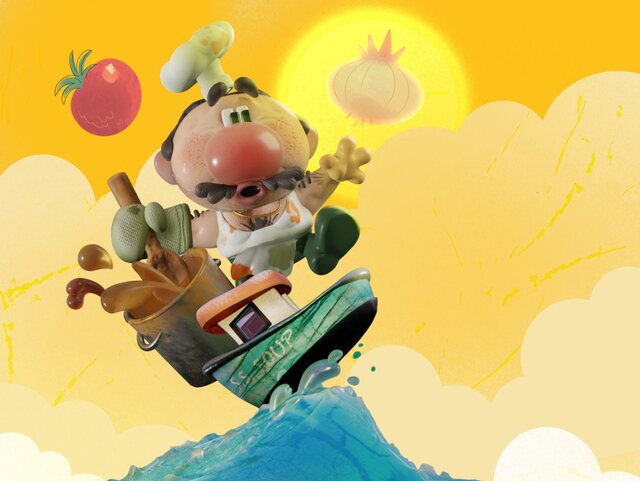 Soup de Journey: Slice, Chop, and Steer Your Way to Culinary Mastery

-.-.-

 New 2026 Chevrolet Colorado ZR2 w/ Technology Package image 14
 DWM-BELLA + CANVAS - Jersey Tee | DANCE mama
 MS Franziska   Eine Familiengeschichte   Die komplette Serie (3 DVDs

-.-.-

EXERCISE PROMPT:
Set down again, word for word, the stretch of records from the line with "New 2026 Chevrolet" to the line with "Serie (3 DVDs", both of those lines included.

RESULT FOR THIS EXERCISE:
 New 2026 Chevrolet Colorado ZR2 w/ Technology Package image 14
 DWM-BELLA + CANVAS - Jersey Tee | DANCE mama
 MS Franziska   Eine Familiengeschichte   Die komplette Serie (3 DVDs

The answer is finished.